The state's Alcoholic Beverage Control Commission confirmed that it canceled about 124 licenses for nonpayment on Jan. 4. Spokesman Jeff Strickland said that is standard procedure when license renewal fees aren't paid, that there's no penalty to later renew a lapsed license and that the commission will work with bars that want to reopen to "make that as seamless as possible."

Strickland also said the businesses could not have opened without paying for their permit and that "these should be businesses that were not open at the time anyway.”

But for bar owners, it's one more slap in the face from a state government that has kept them shut down or under severe restrictions for most of a year over social distancing concerns.

“They have not been clear nor fair in how they’ve done this," Erwytt Franks, who owns the Hawg Pen in Raleigh, said Friday.
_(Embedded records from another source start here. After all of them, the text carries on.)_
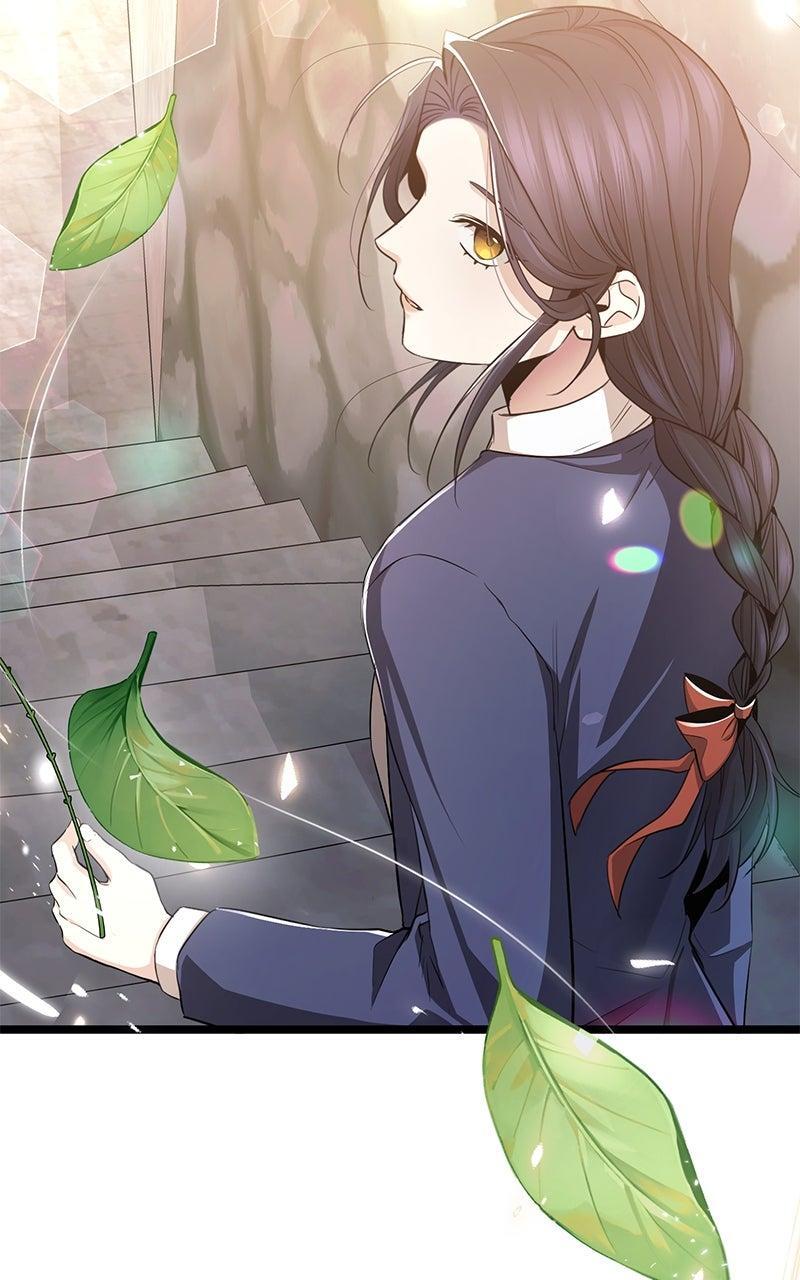 Read High School Queen Manga Online
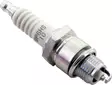 Ngk Sparkplug BP6HS-10 (4) - Tändstift - D2434 - 1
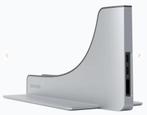 Ascrono MacBook Docking Station, 16 inch, MacBook Pro, Zo goed als nieuw, Ophalen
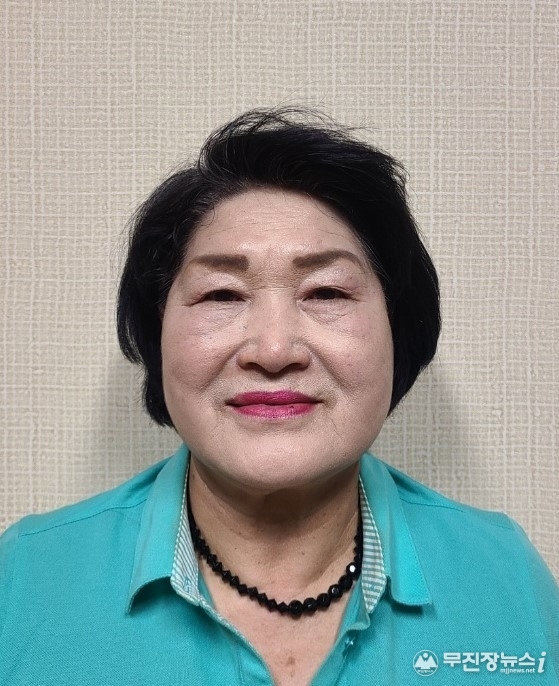 정종순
Confusion over legislation that extended the amount of time people had to pay their licenses, which are usually re-upped by early May, has bar owners feeling burned, according to Jason Ruth, vice president of the recently formed North Carolina Bar Owners Association. A law passed last summer said they'd have an extra 90 days, but that clock wouldn't start until Gov. Roy Cooper signed an order rescinding closures he'd ordered earlier in the year.

It seems that, around early October, when Cooper reworked the bar closure order to allow establishments with outdoor seating to open a portion of that seating, the clock started. But a lot of the bars canceled this month didn't open, Ruth said, either because they don't have outdoor seating or because the outdoor seating limits – no more than seven patrons per 1,000 square feet – didn't make it feasible.

"The concern is that we have not been reopened, and that the ABC did not communicate their intention to start said clock," Ruth said. “This is just additional insult to injury."

Crissy Porter, who owns The Spring on N.C. Highway 42 in Willow Spring, said she'd been waiting to see "some light at the end of the tunnel" before deciding whether to renew her license. An annual license, she said, costs the same whether you operate for a whole year or just part of it.

“It’s hard as a business owner to decide if you want to continue to reinvest," Porter said.

Strickland said the ABC Commission "delayed cancellation as far as we could." Many of the state's alcohol regulations are written into state law and require an act of the General Assembly to change.

"We didn’t have the statutory authority," he said.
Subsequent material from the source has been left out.